In what was described as a friendly action Emily Ann Oddie formally sued the trustees of the estate so that it could be handed over to new trustees according to an amicable arrangement that had recently been reached. Edward, it was said, had been taking out mortgages against the estate and his wife had already persuaded the trustees to limit his income to £6 a week.
The court was told she was seeking to protect the income of her son, Alfred Gerald Oddie, who had just graduated from Oxford University and was on a voyage to New Zealand for the benefit of his health. She also wanted provision to be made for her daughters who only had £3000.
By that time the total estate was worth £146,000, roughly the same as £8 million today. Still held in trust was land at Woodlesford, Rothwell, and Llangollen in Denbighshire. £104,000 (£6 million) was personal estate, including £101,000 (£5,700,000) in Leeds Corporation stock. The total annual income was £5000, equivalent to about £285,000 today. Not bad for a farm and a small paper mill by the side of the canal!

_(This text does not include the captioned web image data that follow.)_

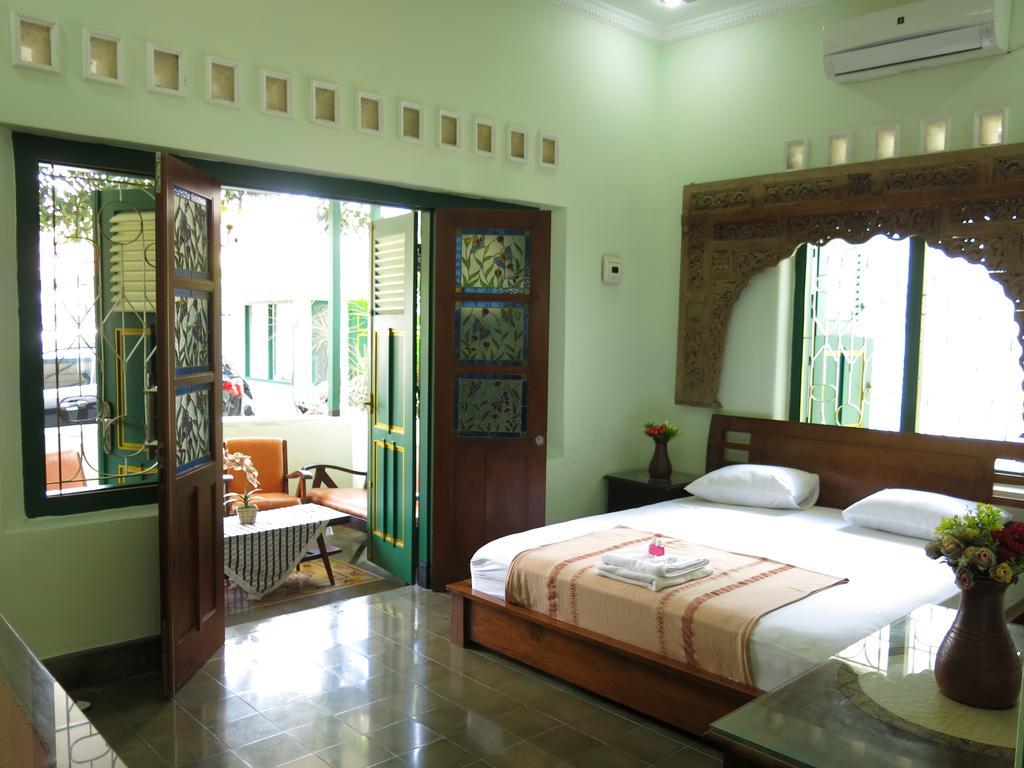 Pamularsih Homestay Yogyakarta Ngoại thất bức ảnh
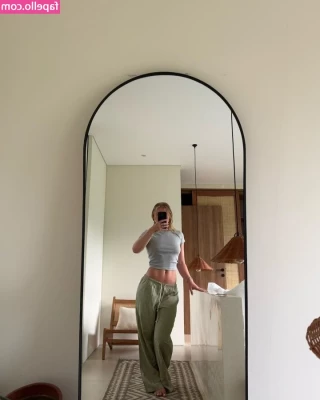 Majaaleonie - ❤️‍🔥𝒶 𝒽𝑜𝓉 𝓈𝒽𝑜𝓌𝑒𝓇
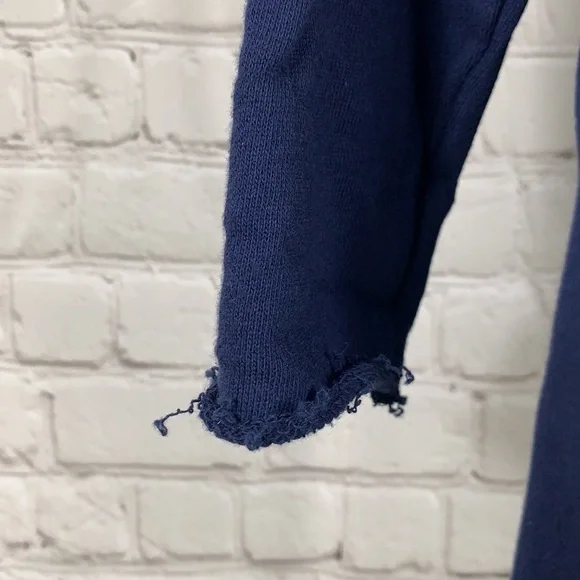 Crown & Ivy 3/4 Raw Edge Ellie Sweeper Top Navy M - Picture 5 of 13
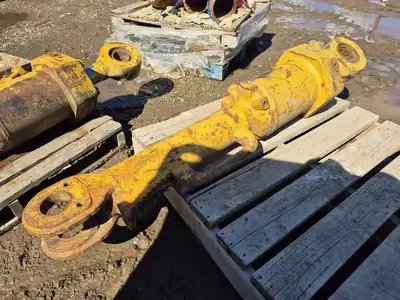 USED CATERPILLAR 232-0652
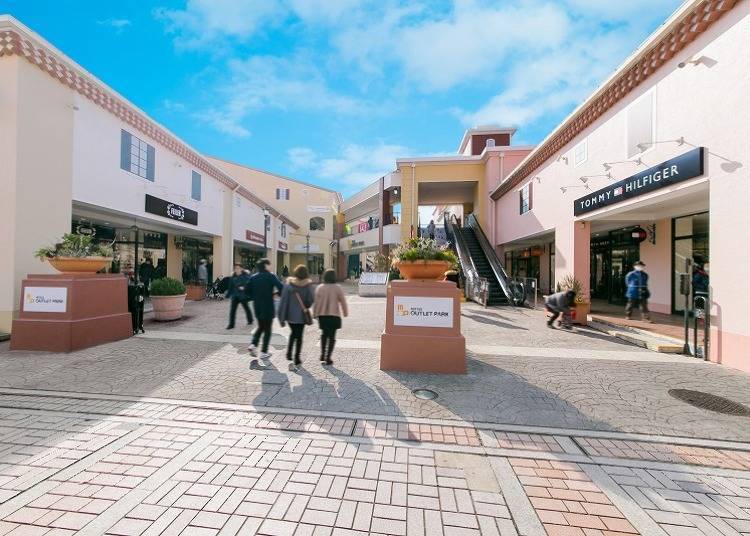 Visit Mitsui Outlet Park Tama Minami Osawa directly from Shinjuku for all your shopping needs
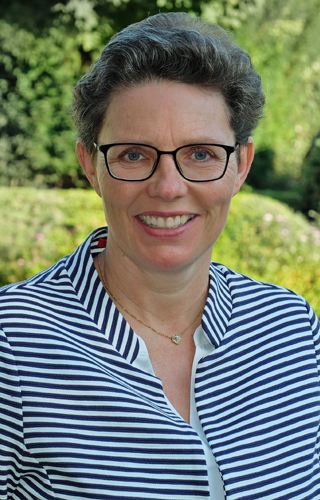 Christine Scharrenbroch Christine Scharrenbroch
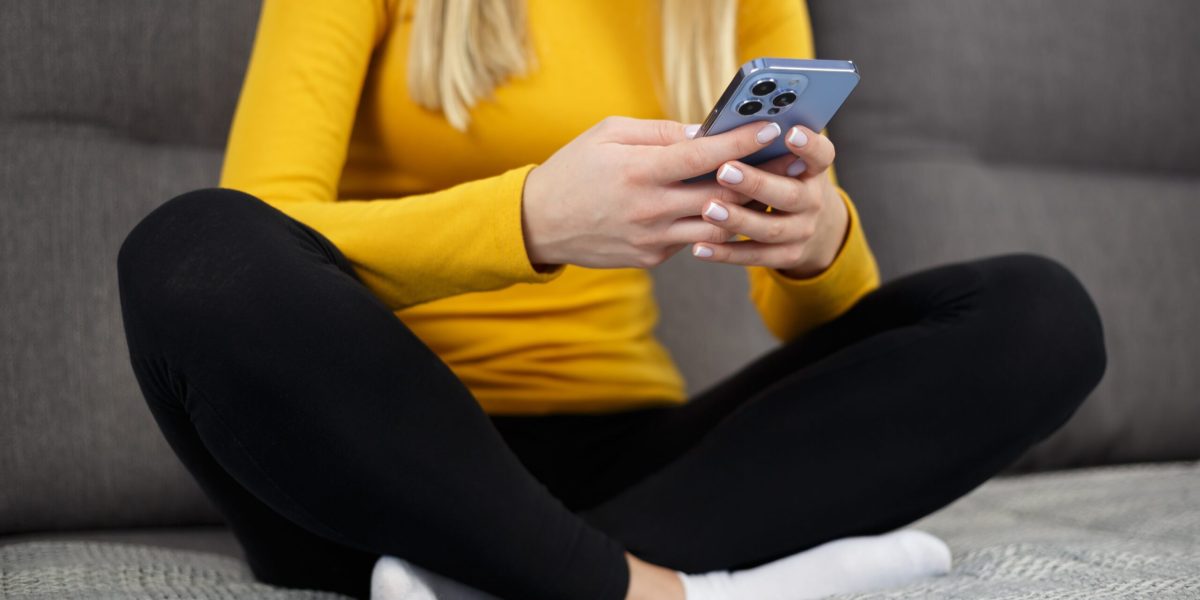 Specialiștii Demontează Iluzia Relaxării pe Telefon: E doar O Fingere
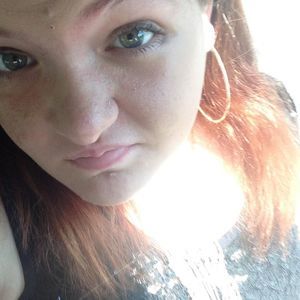 Meet your Posher, Alissa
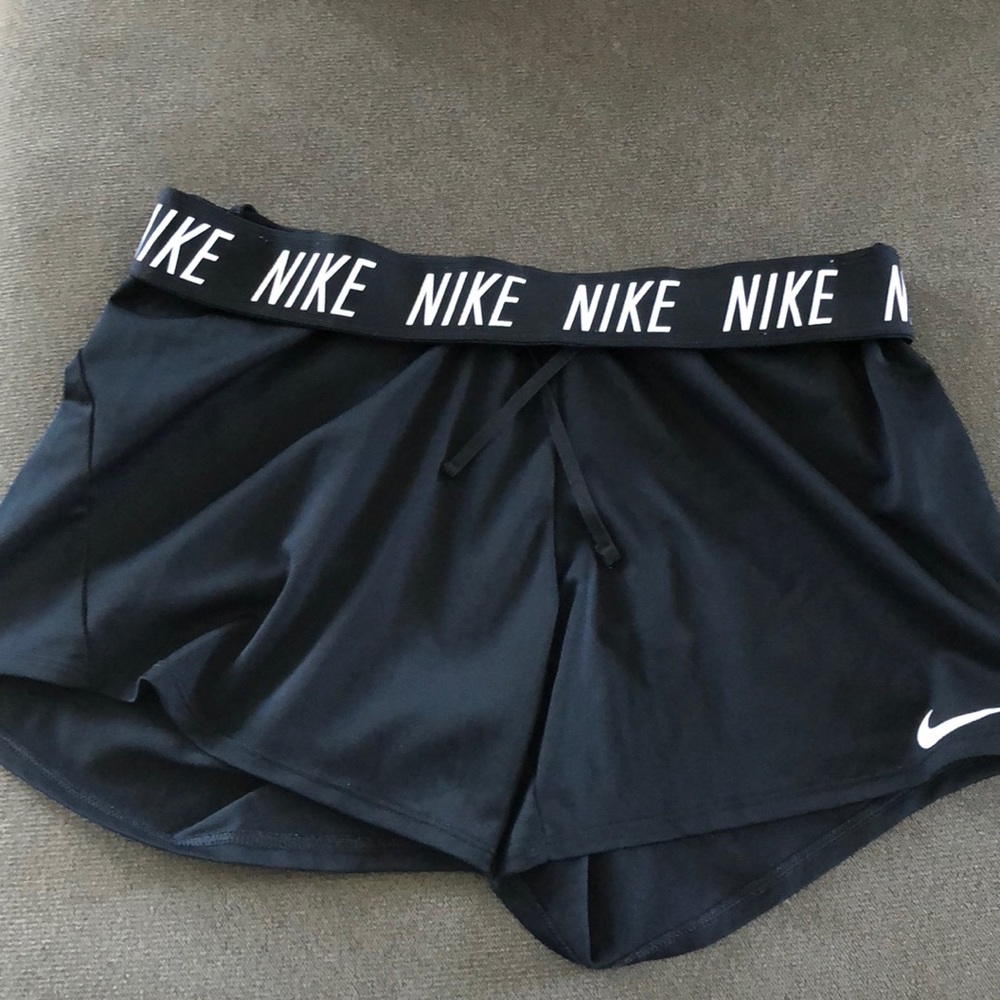 Nike Shorts 💥PRICE IS FIRM💥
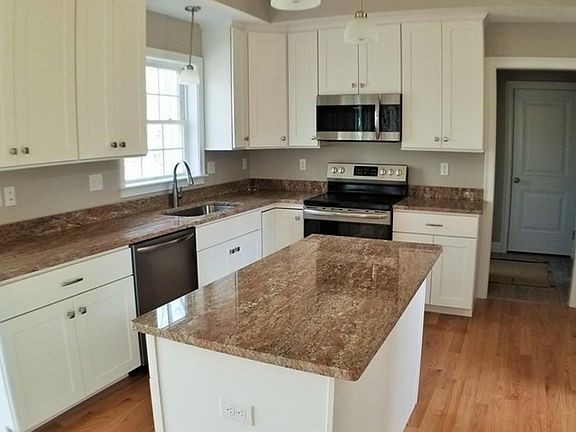 4th image of 4 Sorrento Ln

Paper mill workers in 1851 with their ages, occupations and birth place.
Mary Goodall, widow, 83, pauper (miller), Middleton. Martha Goodall, 40, paper sorter, Woodlesford. Thomas Bottomley, 21, paper maker, vat man, Goose Eye, Keighley. William Gibson, 46, paper maker and pottery manufacturer, 46, Woodlesford. (William’s paper making may have been separate to that of J.C.Oddie.) Sarah Abbey, widow, 38, rag sorter, Methley. Mary Mason, widow, 58, pauper paper maker, Whixley near Harrogate. William Sewter, 29, paper finisher, Norwich. George Smith, 63, engine man, Pool. Jane Lee, 42, rag sorter, Syke House near Doncaster. Mary Ann Jordan, 35, rag sorter, Methley. Samuel Marsden, 38, engine man, Bradford. William Kirton, 39, vat man, Topsham in Devon. Elizabeth Abson, 25, picker or sorter, Woodlesford. John Denkin, 54, foreman, Sheffield. James Gough, 91, retired paper maker, Barwick-in-Elmet. Mary Ward, 22, rag sorter, Woodlesford. Ann Ward, 22, rag sorter, Halton. Elizabeth Johnson, 61 pauper paper maker, Horsforth. Susan Clareborough, 30 paper sorter, Horsforth. John Bailey, 36, paper drier, Bersham near Wrexham. Mary Ellis, 21, paper sorter, Woodlesford. Thomas Yeadon, 66, paper drier, Woodlesford. Sarah Bleasby, 59, rag sorter, Woodlesford. Ann Walton, 30, rag sorter, Oulton. John Whitehead, 77, pauper paper maker, Oulton. Alexander Coombs, 32, vat man, Eynsford in Kent. Elizabeth Coombs, 44, paper cleaner or picker, Woodlesford. Charles Coombs, 18, paper layer, Maidstone, Kent. Jane Aspinall, 53, paper cleaner, Swinton. Ann Hingham, 49, employed at paper mill, Oulton. Ann was the only worker who lived in Oulton. All the others were in Woodlesford.